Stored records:
· · ·

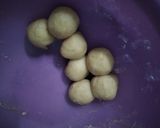 Foto langkah ke 1 dari resep Bolen Isi Pisang, Coklat dan Keju.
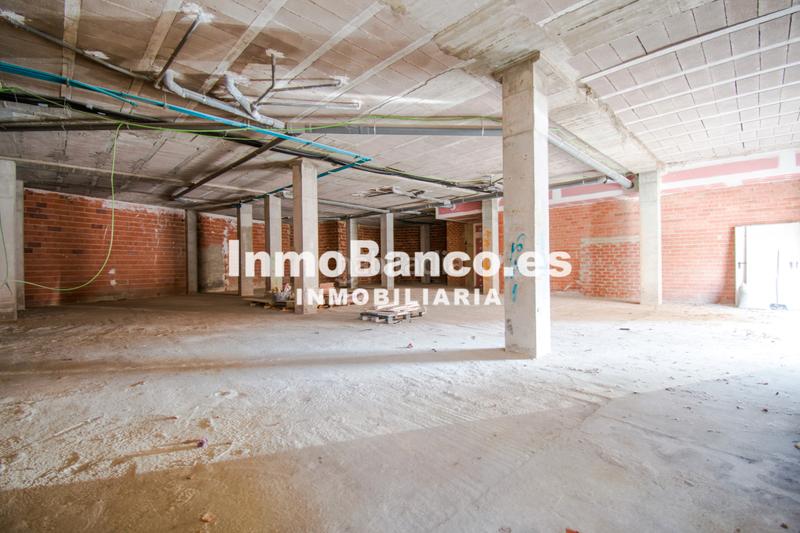 Foto 4d375c28-da64-490f-ad6d-8d7e6802024e. Locale commerciale in carrer de valència 54 in Zona Calle Valencia Torrent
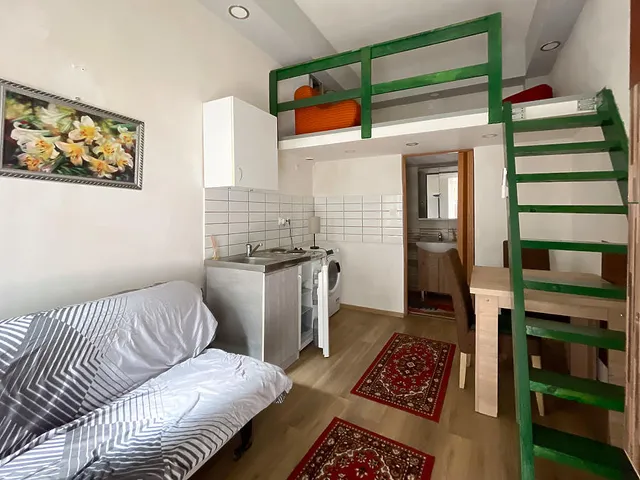 Eladó lakás Budapest VIII. kerület, Népszínháznegyed, Vay Ádám utca 13 nm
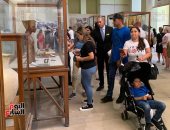 نافاس حارس ريال مدريد وأسرته يزورون المتحف المصري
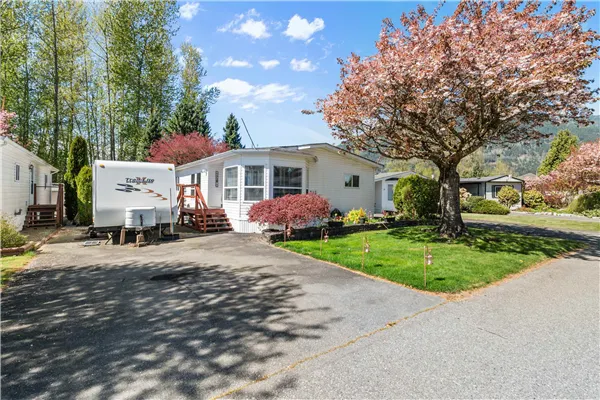 13 41168 Lougheed Highway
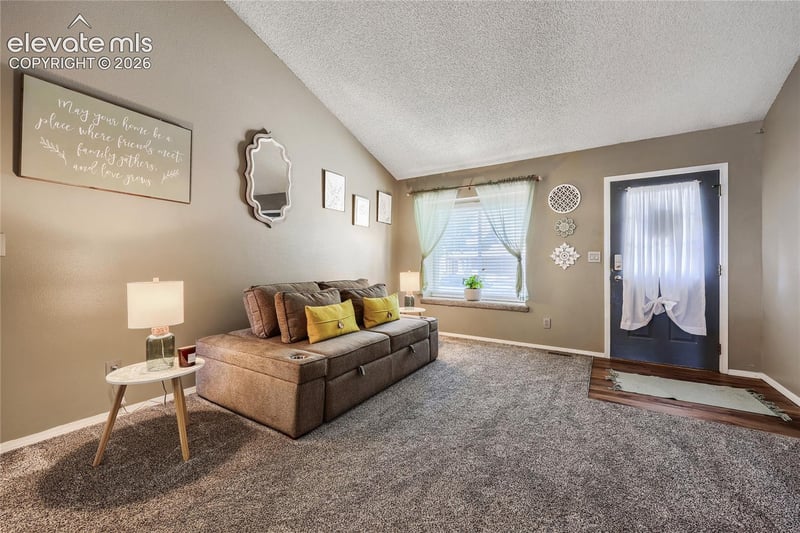1135 Greenbrier Dr, Colorado Springs, CO 80916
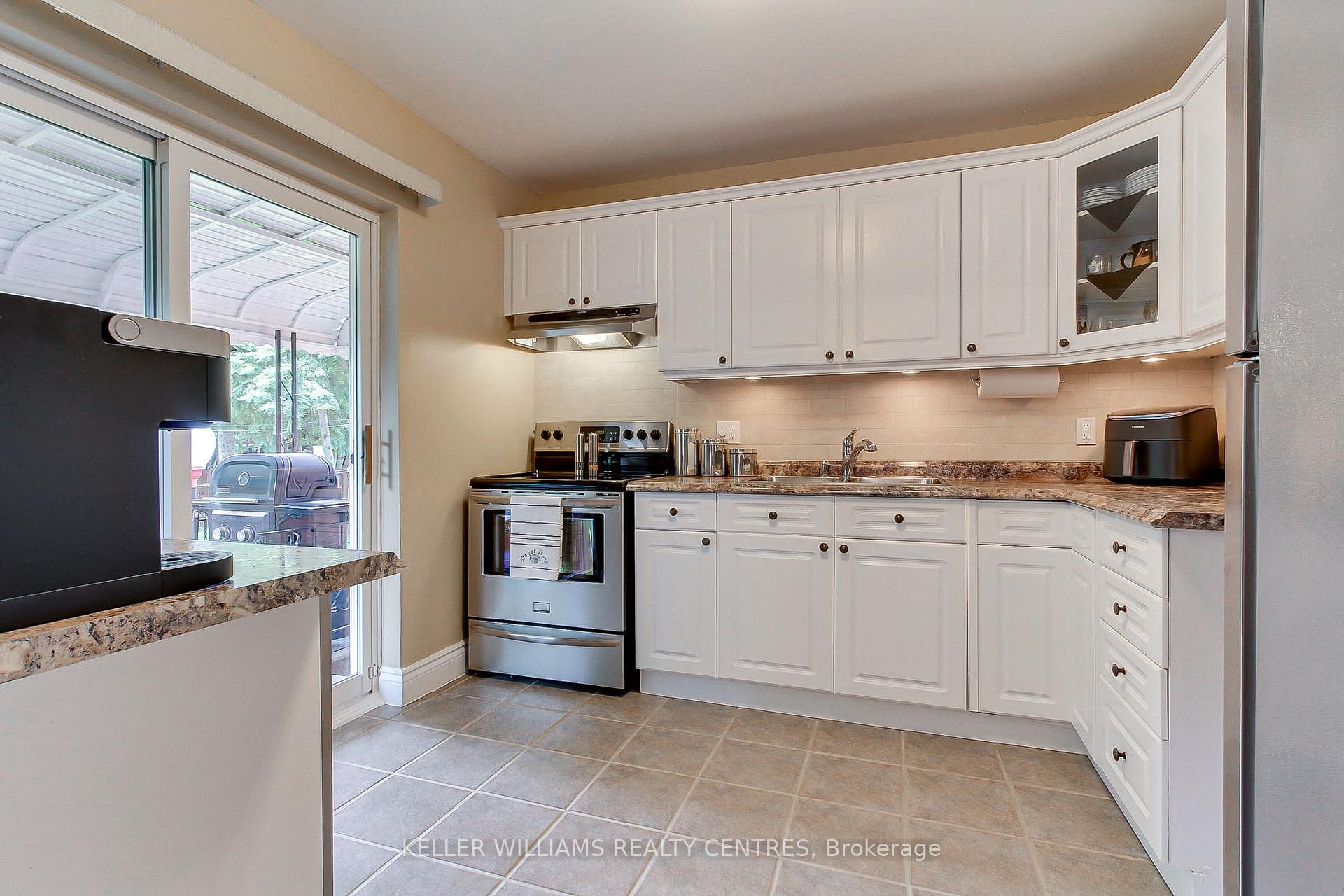 Photo 10 of 74 Boothbay Crescent, Newmarket, Central Newmarket — HOMEH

· · ·

Exercise goal:
The lines to retype run from the one containing "نافاس حارس ريال" through the last line of the records above; write them exactly and skip the pictures.

Your response:
 نافاس حارس ريال مدريد وأسرته يزورون المتحف المصري
 13 41168 Lougheed Highway
1135 Greenbrier Dr, Colorado Springs, CO 80916
 Photo 10 of 74 Boothbay Crescent, Newmarket, Central Newmarket — HOMEH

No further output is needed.